Unfortunately, my gripes with the game don’t stop at just the bad optimisation and fluffed-out writing; the game also has some very, VERY odd design choices from a game design standpoint – Every single time you want to progress, you HAVE to go back to the Library, sit through a pseudo-loading screen, navigate to Historie, and report back; note as well, that you can only take on one mission at a time! To be honest, I just went through quests one by one, but when you have quests like “Kill 4 of this monster”, or “Gather this item”, it really does make you question why you’re playing the game – These quests should be passive at all times, but no, you have to treat them the same as story quests, which I think is ridiculous.

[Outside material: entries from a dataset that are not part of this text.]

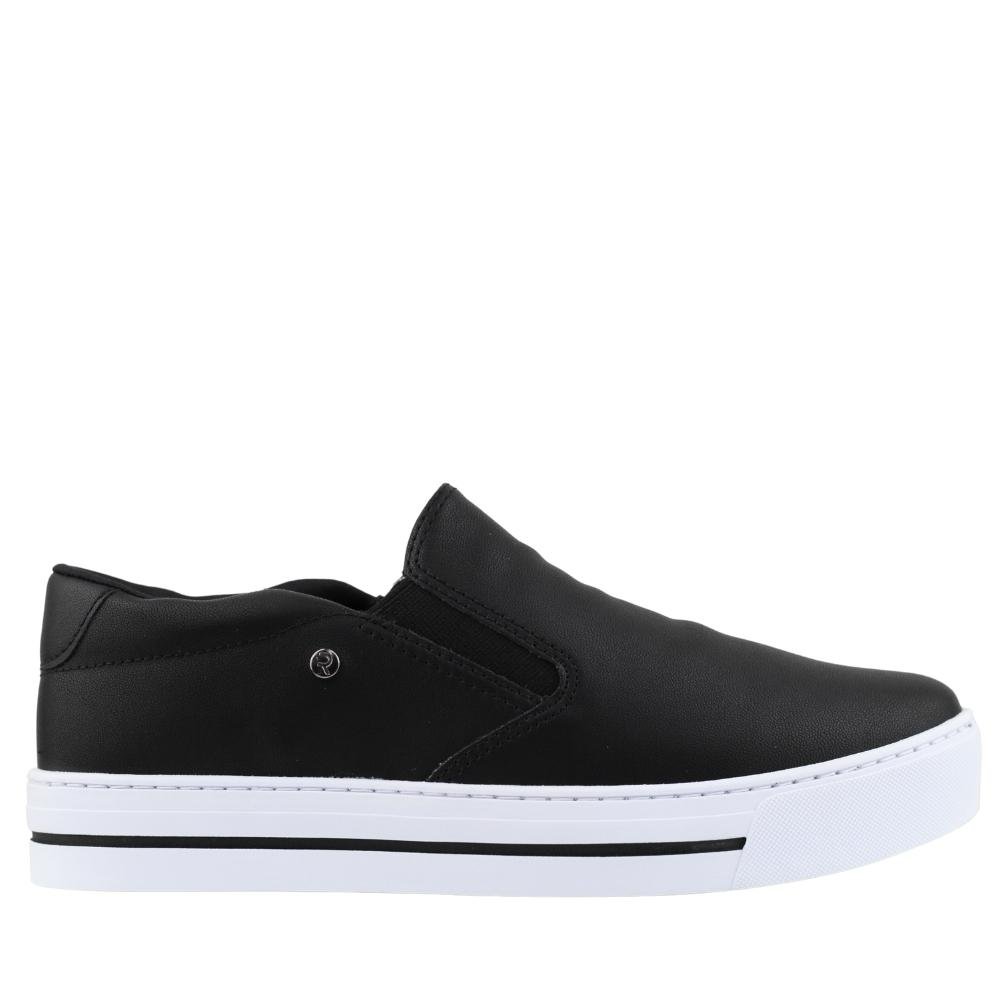 Tênis Casual Feminino Slip On Sem Cadarço Ramarim 23-93221 Preto 2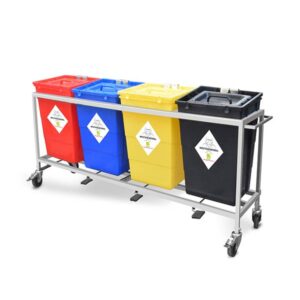 Waste Segregation Trolleys (Stainless Steel)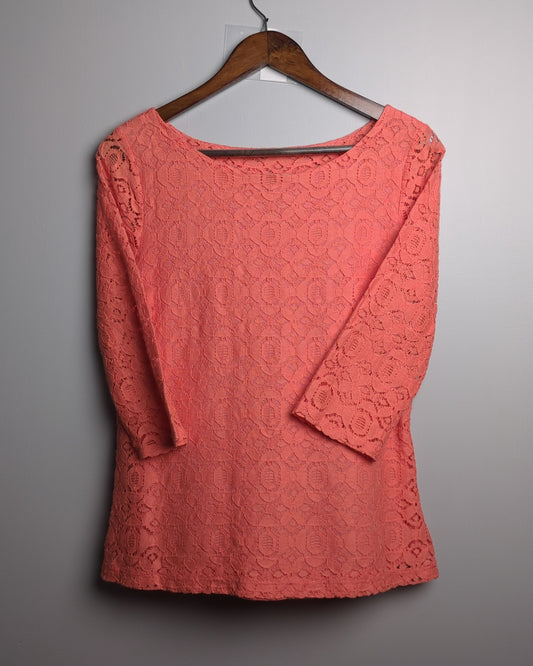 Banana Republic Pink Lace Top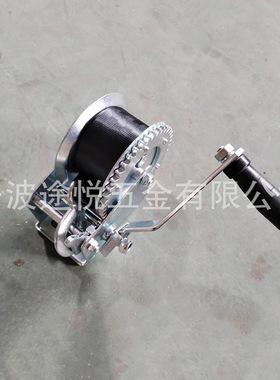 厂家1000lbs拖车绞盘织带手摇绞车游艇织带手动绞盘现货供应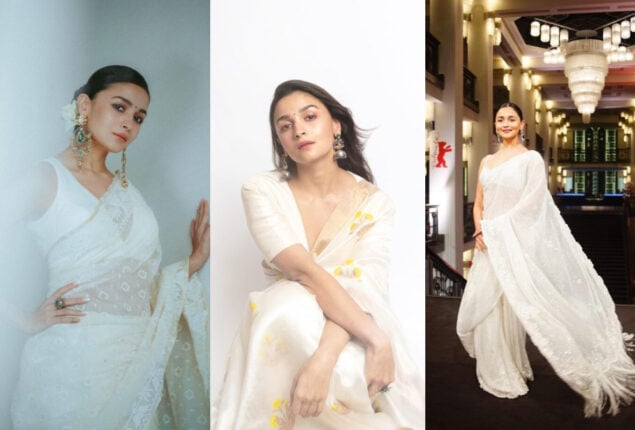 Alia Bhatt Looks Gorgeous in White Saree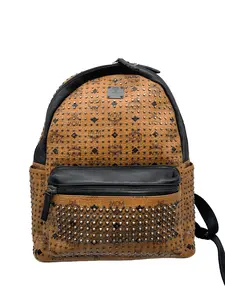 Pre-owned MCM Studded Visetos Coated Canvas Backpack/WJ04128308/8308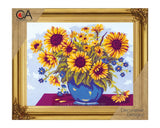 Printed tapestry kit . 30cm x 22cm sunflowers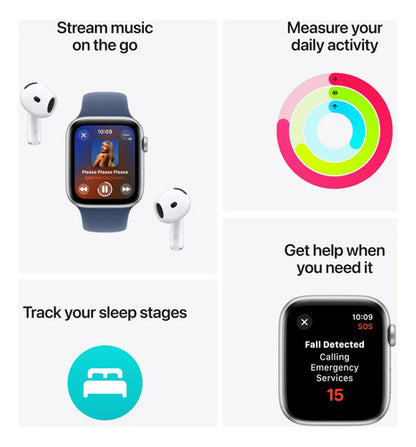 Apple Watch Se (2a Generación) [gps 1.575 In] Color De La Caja Diseño De La Malla Color De La Malla Color Del Bisel
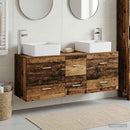 vidaXL Fürdőszobai Szekrény Szett 3 db Antik Fa 49,5 x 41 x 63 cm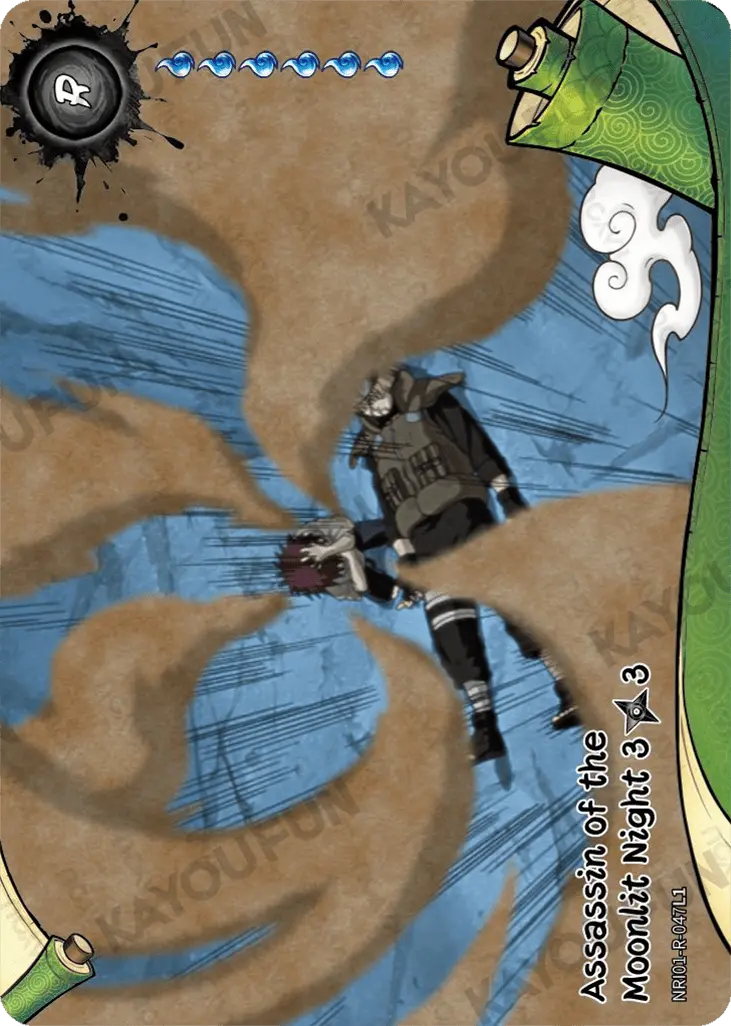 Kartu Kayou Naruto - Assassin of the Moonlit Night 3 (R)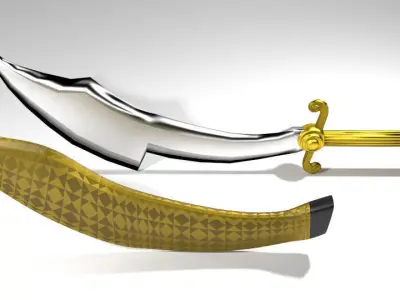 Sword - Fantasy Type 1 3D model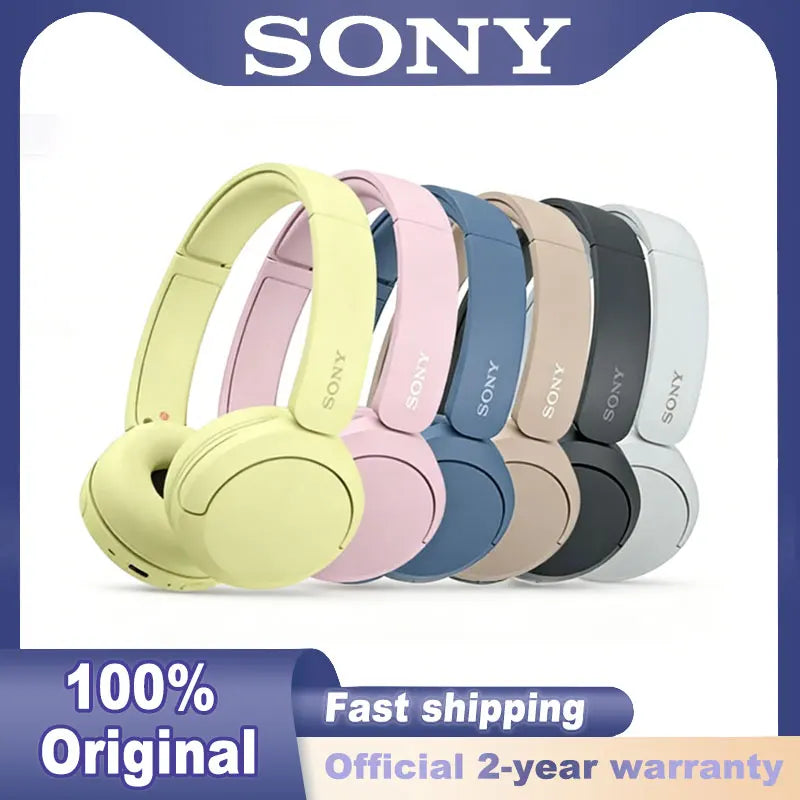 Sony WH-CH520 Wireless On-Ear Headphones, Bluetooth Headset with Mic Long Battery Life
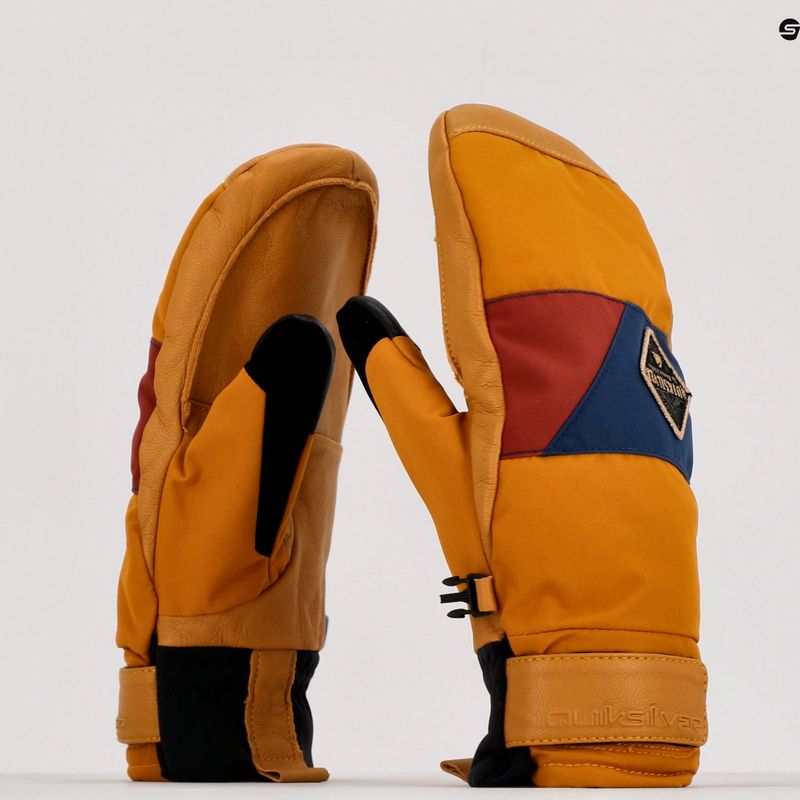 Rękawice snowboardowe Quiksilver Squad Mitt buckthorn brown 8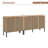 Tv Stand For Tvs Up To 75",mid-century Modern Flat Stripe Entertainment Console With Doors And Adjustable Shelves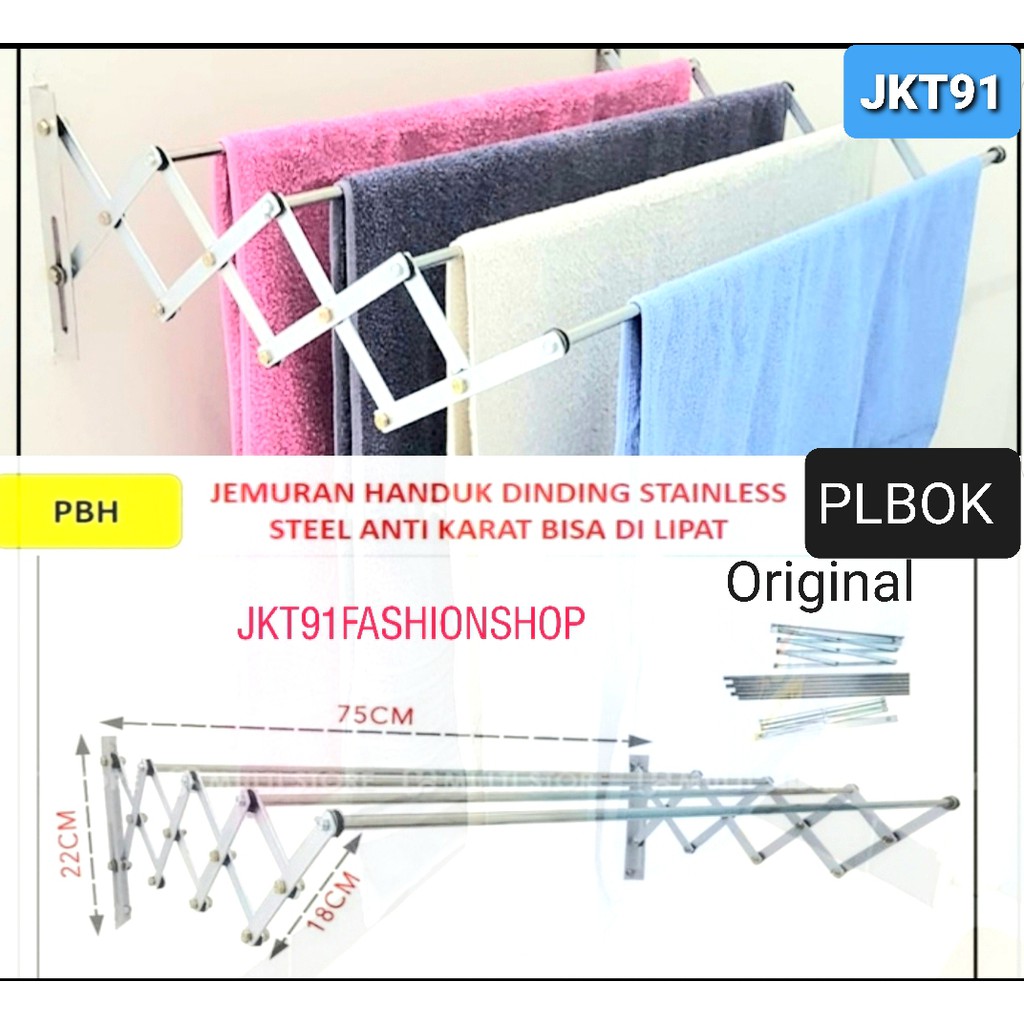 PLBOK SINGLE JEMURAN  BAJU  DINDING LIPAT  STAINLESS  STEEL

But despite this…I…I can’t help but to keep playing; once you get used to the way the game wants you to play, get used to the framerate, and the camera, and start to understand more and more of the game, the more you grow to enjoy it – I loved getting new skills to see the flashy new costumes and animations, and love the feeling of slaughtering my foes, and, whilst I didn’t find any sort of boss battle in the few hours I had with the game, I’d love to see where the game goes nearing it’s middle, and ending chapters.
With loveable characters, comical writing, enthusiastic voice acting, addicting gameplay and easy-to-pick-up nature of the game, Megadimension Neptune VS Sega Hard Girls is a different type of game than what you may be accustomed to, and might help you to shake up the mix, to try and get you to play something new.
With that in mind, I would rate Megadimension Neptune VS Sega Hard Girls a final score of 7 / 10; personally, I wouldn’t buy the game unless it was on sale, or if I was a fan, but either way, I still had a lot of fun with IF and the gang.